Damages Inquiry in Warner Music UK Limited v TuneIn Inc: Disclosure Disputes and Legal Principles Analyzed

Citation: [2023] EWHC 2875 (Ch)
Judgment on

Introduction

The case of Warner Music UK Limited & Anor v Tunein Inc [2023] EWHC 2875 (Ch) revolves around issues of copyright infringement and the subsequent inquiry into damages. Deputy Master Raeburn examined disputes over disclosure, particularly concerning the disclosure of comparable licences and their relevance to the determination of damages for copyright infringement in the context of internet radio service operations in the UK. This article analyses the legal principles applied in this case and how they were used to settle disclosure disputes within the parameters of the existing legal framework.

Key Facts

Warner Music UK Limited and Sony Music Entertainment UK Limited, representing various corporate group members, claimed copyright infringement against TuneIn Inc, an American company operating an internet radio service. TuneIn’s service aggregates radio stations worldwide, allowing UK users access to unlicensed music stations, resulting in infringing acts. The liability had been established in favor of the claimants with TuneIn’s appeals having been dismissed. The case in question pertains to the second Case Management Conference (CMC) focused on disputes regarding the inquiry into damages, particularly the disclosure of documents.

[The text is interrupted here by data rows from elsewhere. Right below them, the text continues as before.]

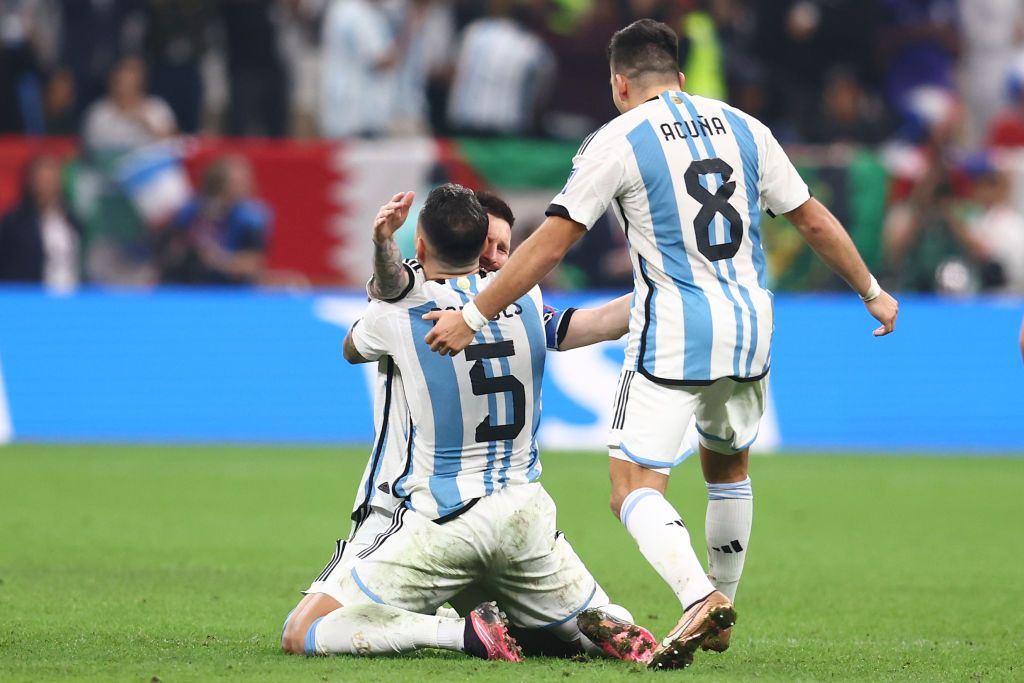 LUSAIL CITY, QATAR - DECEMBER 18: Lionel Messi of Argentina touches the trophy after the FIFA World Cup Qatar 2022 Final match between Argentina and France at Lusail Stadium on December 18, 2022 in Lusail City, Qatar. (Photo by Quality Sport Images/Getty Images)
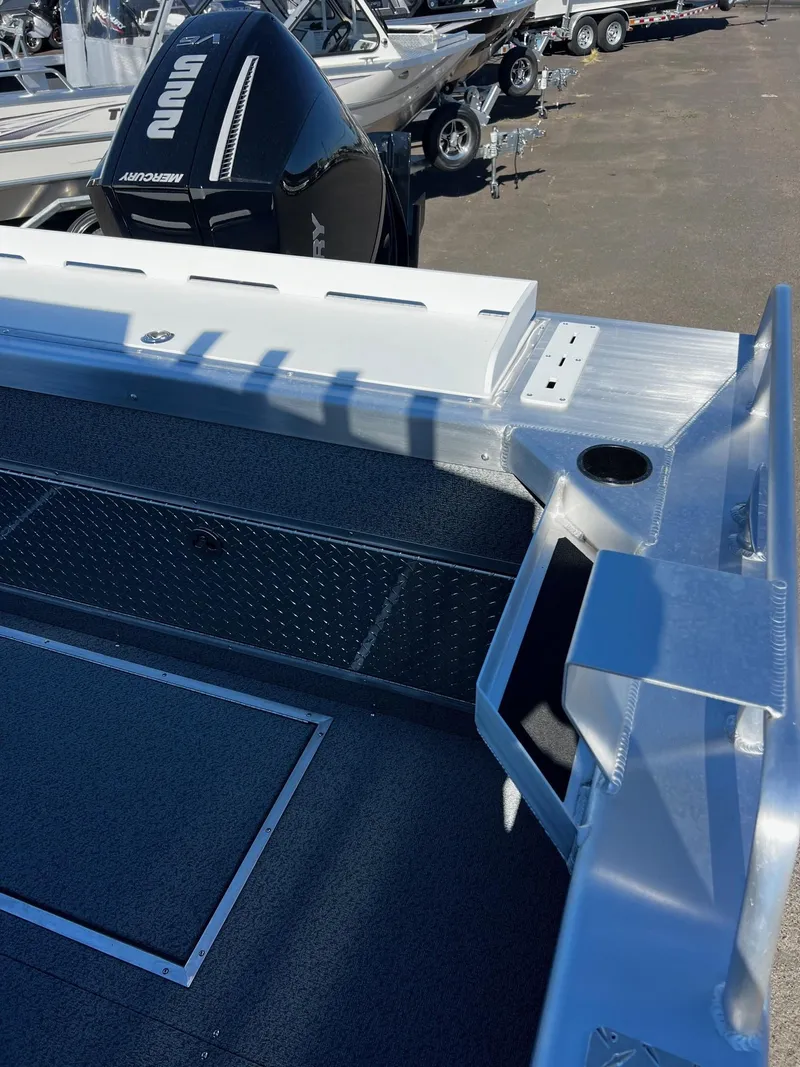 Slide: The Image of 2024 Thunder Jet 22 Alexis Pro boat interior with motor in background. - 22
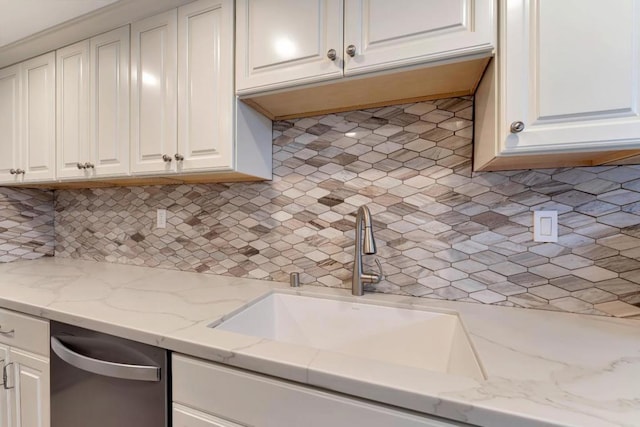 kitchen with white cabinetry, sink, and light stone counters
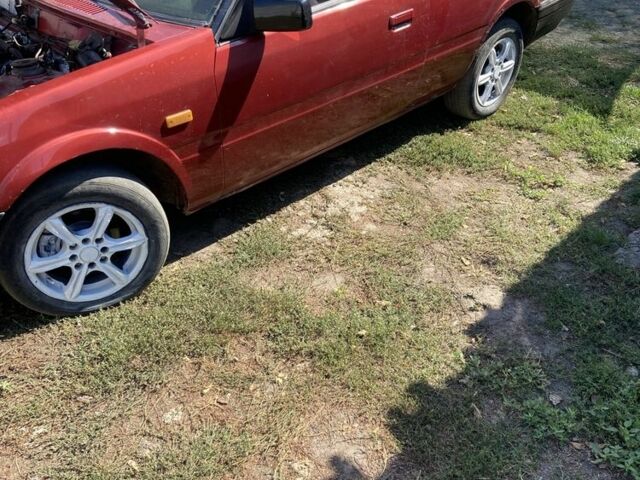 Червоний Мазда 626, об'ємом двигуна 2 л та пробігом 310 тис. км за 1150 $, фото 1 на Automoto.ua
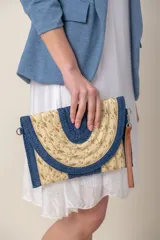 Sobre de mano o cartera tipo clutch, confeccionado en rafia tejida con detalles en lurex dorado y bordes en azul marino. Presenta un diseño frontal con forma de semicírculo en rafia natural y azul. Incluye una correa de muñeca desmontable de cuero sintético marrón.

Several legal principles and practice directions formed the basis for the court’s decision-making:

  1. Control Over Documents:

    • The concept of “control” of documents is pivotal in determining the disclosure obligations. The court opted not to predetermine the extent of the Claimants’ control over Phonographic Performance Limited (PPL) documents, stating it premature to decide before parties conducted their searches (referring to Ardila Investments NV v ENRC NV [2015]).
  2. Model C Requests:

    • Under Practice Direction 57AD, Model C requests for disclosure must be “limited in number, focused in scope and concise.” The requests should not be used in a tactical or oppressive way and should clearly outline the specific documents or narrow classes of documents sought for disclosure.
  3. Reasonable and Proportionate Disclosure:

    • Disclosure is bound by the principles of reasonability and proportionality, as emphasized in UTB LLC v Sheffield United Limited [2019] and McParland & Partners Limited v Whitehead [2020]. This includes considering factors like the importance of the case, the likelihood of documents’ probative value, the number of documents involved, and the necessity of expeditious, fair, and cost-effective case management.
  4. Comparable Licenses:

    • For assessing damages in copyright infringement, comparable licenses serve as an important metric. The case relied on precedents, such as Smith Kline & French Laboratories Ltd’s (Cimetidine) Patents [1990] and Anan Kasei Co Ltd v Neo Chemicals & Oxides (Europe) Ltd [2023], which stress the significance of comparable licenses in determining reasonable royalties. Yet, the comparables should be specific and relevant to the case.
  5. Judicial Estimation of Damages:

    • The estimation of damages is not limited to assessing a given set of terms but also involves judicial discretion to determine a fair conclusion potentially different from the parties’ proposals, as noted in Unwired Planet International Ltd v Huawei Technologies (UK) Ltd [2017].

Outcomes

Deputy Master Raeburn provided directives for both parties to follow regarding disclosure:

  • TuneIn’s disclosure under Issue 1 would be limited to data extracted from specific databases, including non-UK specific versions of identified databases.
  • The Claimants were directed to supply a historic list of licensed stations.
  • Both parties were ordered to cooperate to identify the PPL rates for webcasters and simulcasters for each calendar year from 1 November 2011 onwards.
  • The requests for disclosure under Issues 2A and 2B were deemed too wide, requiring further refinement by both parties to identify specific requests that are reasonable and proportionate for the purposes of the Inquiry.

Conclusion

The Warner Music UK Limited & Anor v Tunein Inc case is a definitive illustration of how the courts navigate the complexities of disclosure in the digital age, particularly concerning intellectual property infringement and the subsequent valuation of damages. The legal principles established and clarified within the UK’s judicial precedents provide a structured framework in which parties can assess comparable licenses’ relevance and target disclosure requests effectively. The outcome reaffirms the judiciary’s commitment to conducting cases in a manner that is both fair and economical, ensuring a balance between comprehensive disclosure and the avoidance of disproportionate burdens on the parties involved.